The analysis focuses on the IRA's Drug Price Negotiation Program (DPNP), which introduced new timelines under which eligible medicines may be selected for Medicare price negotiation. Since the legislation was enacted in 2022, questions have been raised about whether these provisions could influence investment decisions related to ongoing clinical development, particularly for approved products seeking additional indications.
To evaluate these questions, NPC extended two previously published analyses using data from Citeline's Trialtrove database. The study included Phase 1–3 clinical trials initiated between July 2014 and June 2025 in which the primary tested drug had received approval by March 2026. Vaccine-related trials and studies focused on the prevention or treatment of COVID-19 were excluded. By incorporating a longer post-IRA observation period, the authors sought to assess whether the trends identified in earlier analyses remain evident as additional data become available.
The first analysis examined trends in clinical trial initiation among approved drugs by comparing industry-funded and government-funded studies. The dataset included 17,194 industry-funded trials and 2288 government-funded trials initiated during the study period.
Across all therapeutic areas, the average monthly number of industry-sponsored trials declined from 144.2 before the IRA to 91.5 afterward, representing a 36.6% reduction. An interrupted time series analysis found that “the IRA's passage was associated with an immediate drop of 11.9 industry-funded trials, followed by an additional downward trend of 1.4 trials per month post-IRA.”
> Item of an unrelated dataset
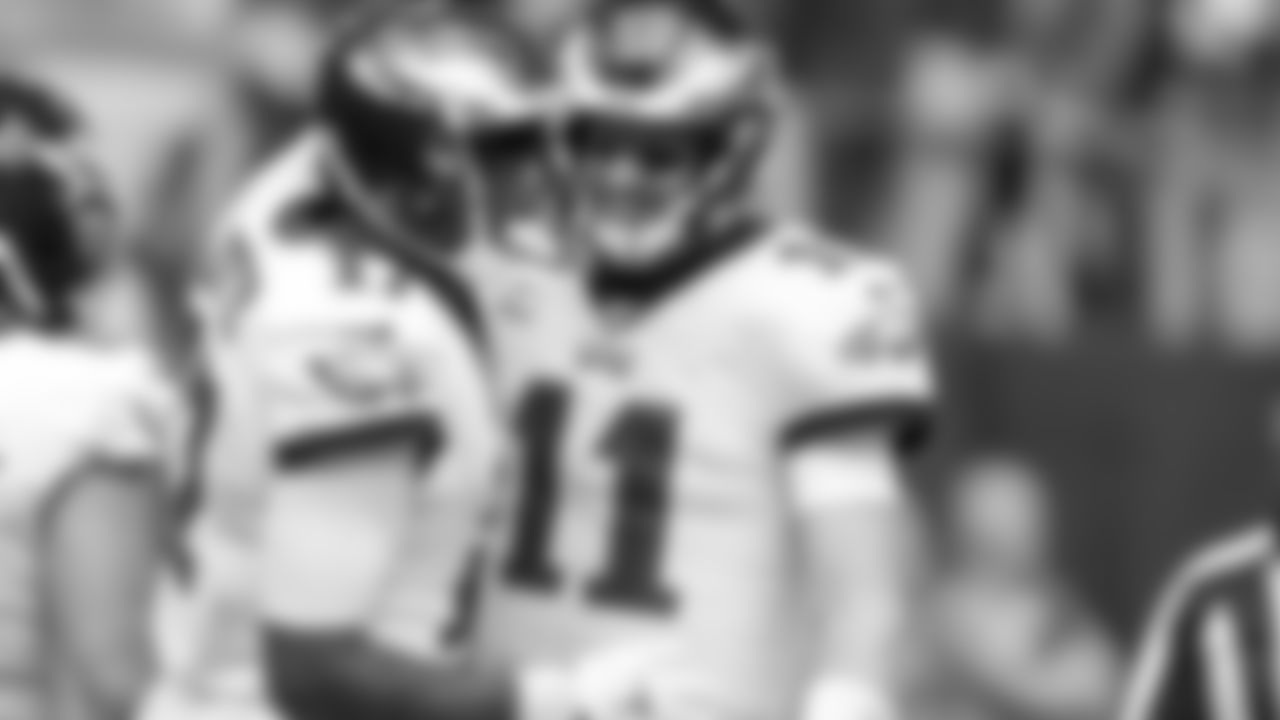 WR Alshon Jeffery celebrates with QB Carson Wentz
Government-funded trials served as a comparison group because they were not expected to be directly affected by the legislation. While the average number of government-funded trials also declined over the study period, the authors reported that:
“The IRA's passage was not associated with a statistically significant drop or downward trend post-IRA for government-funded trials.”
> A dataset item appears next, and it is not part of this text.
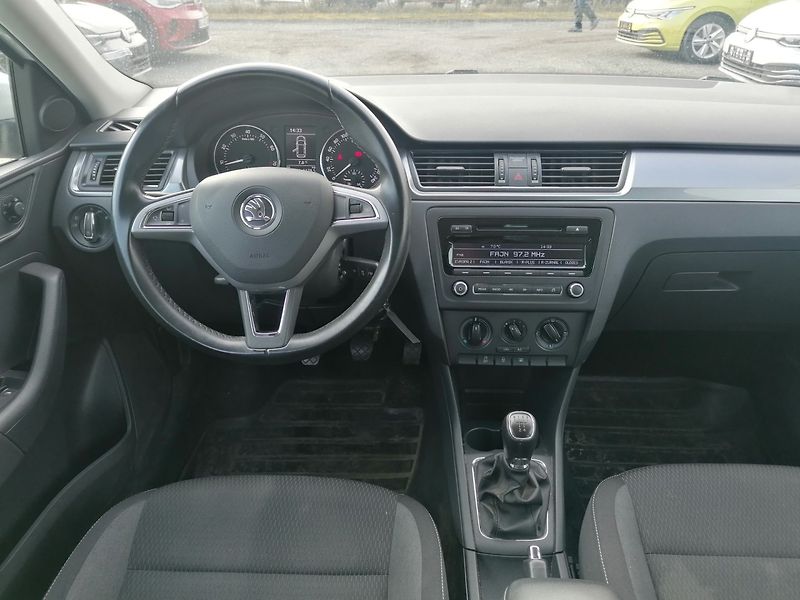 Škoda Rapid (2014) REZERVACE! 1.2 TSi - fotka 6 z 15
The IRA establishes different timelines for DPNP eligibility, with small molecule drugs becoming eligible for potential selection sooner than biologic products. This has led to concerns that the legislation may affect incentives for continued development differently across product types, with a potentially greater impact on small molecule therapies.
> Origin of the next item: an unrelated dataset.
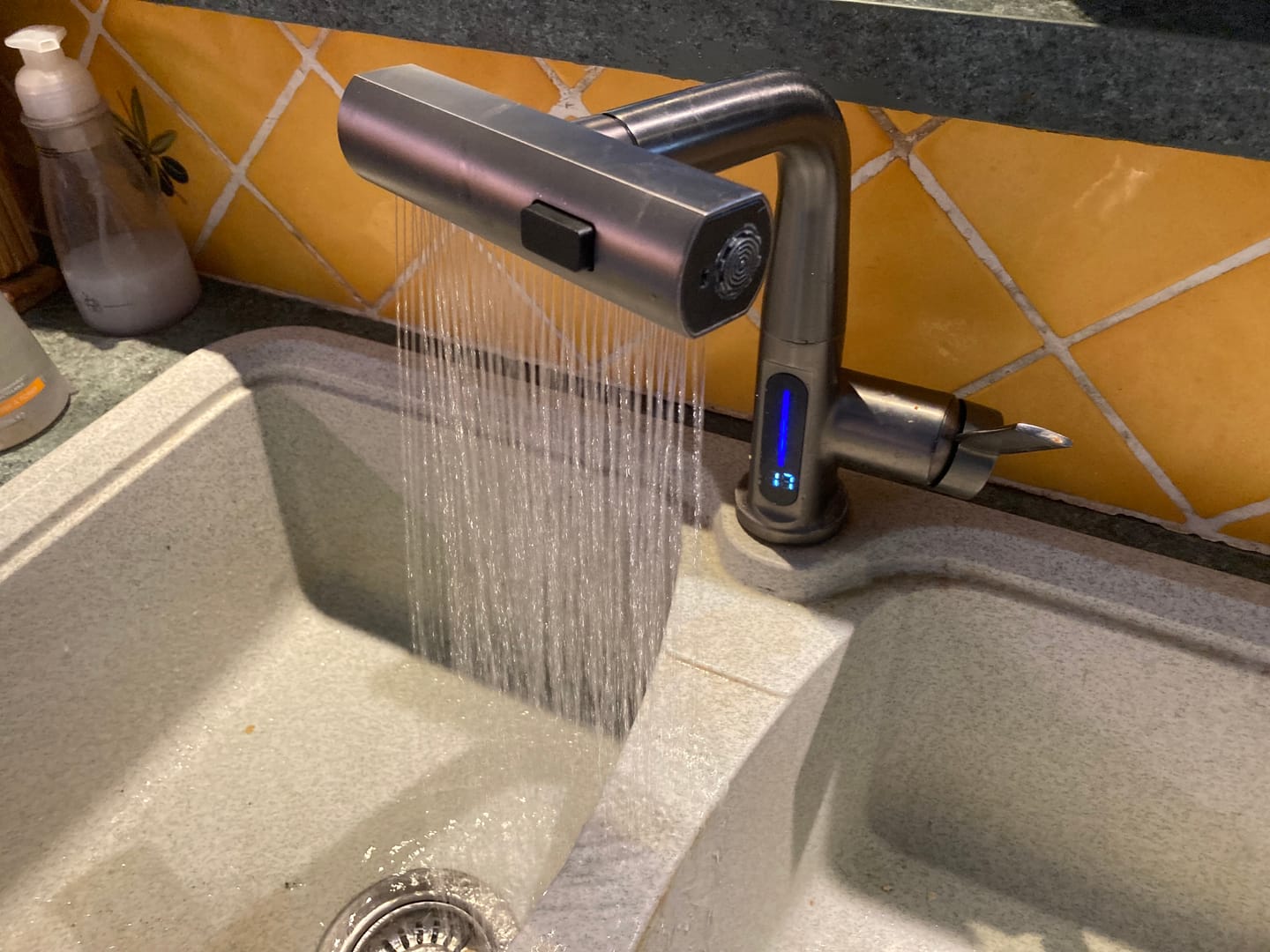 Customer photo review of Robinet Thermostatique Cascade Révolutionnaire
The researchers then conducted a separate oncology-focused analysis to examine whether trends differed between small molecule drugs and biologics. This analysis included 4820 industry-funded Phase 1-3 oncology trials involving approved drugs, of which 2780 primarily evaluated small molecules and 2040 primarily evaluated biologics.
Monthly oncology trial initiations declined for both molecule types following the IRA. The average monthly number of trials fell by 40.7% for small molecule drugs and 36.3% for biologics. Using a difference-in-differences analysis, the researchers estimated that small molecule oncology drugs experienced “an additional reduction of 3.4 trials per month” relative to biologics.
Summarizing the findings, NPC stated:
"Updated investigation of early signals of the IRA's impact on clinical development shows a sustained decline in industry-funded Phase 1–3 trials of approved drugs across therapeutic areas associated with the IRA, with a disproportionately greater decline in small molecule oncology drugs."
The authors acknowledged that the analysis does not establish a causal relationship and is subject to several methodological limitations. Nevertheless, they concluded that the findings add to the growing body of evidence examining how the IRA may influence post-approval research, development of subsequent indications, and broader debates surrounding healthcare and innovation policy.